PROBLEM TO WORK ON:
Return only the stretch of the material below that begins with the line containing "9350 NW 35th" and ends with the line containing "Nocleg ze śniadaniem Home Suite Home 4*", exactly; both of those lines belong to it.

DATA SHOWN:
==================================================
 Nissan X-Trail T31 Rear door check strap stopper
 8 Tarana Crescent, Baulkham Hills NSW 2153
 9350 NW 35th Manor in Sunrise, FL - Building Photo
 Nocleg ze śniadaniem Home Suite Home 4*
==================================================
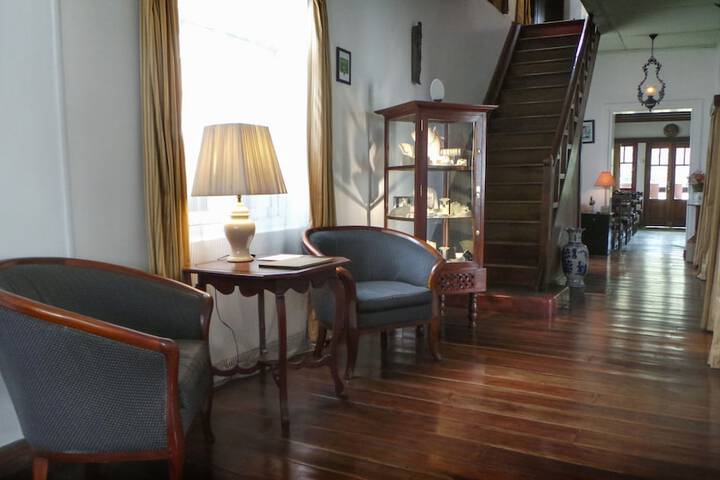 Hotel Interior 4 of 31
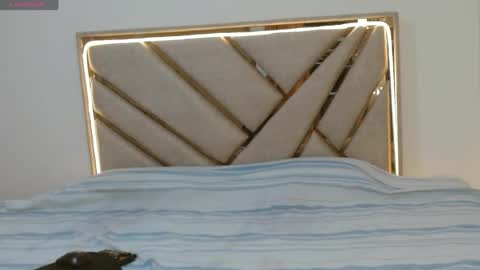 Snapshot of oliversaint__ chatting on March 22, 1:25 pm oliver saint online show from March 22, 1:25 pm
==================================================
SOLUTION:
 9350 NW 35th Manor in Sunrise, FL - Building Photo
 Nocleg ze śniadaniem Home Suite Home 4*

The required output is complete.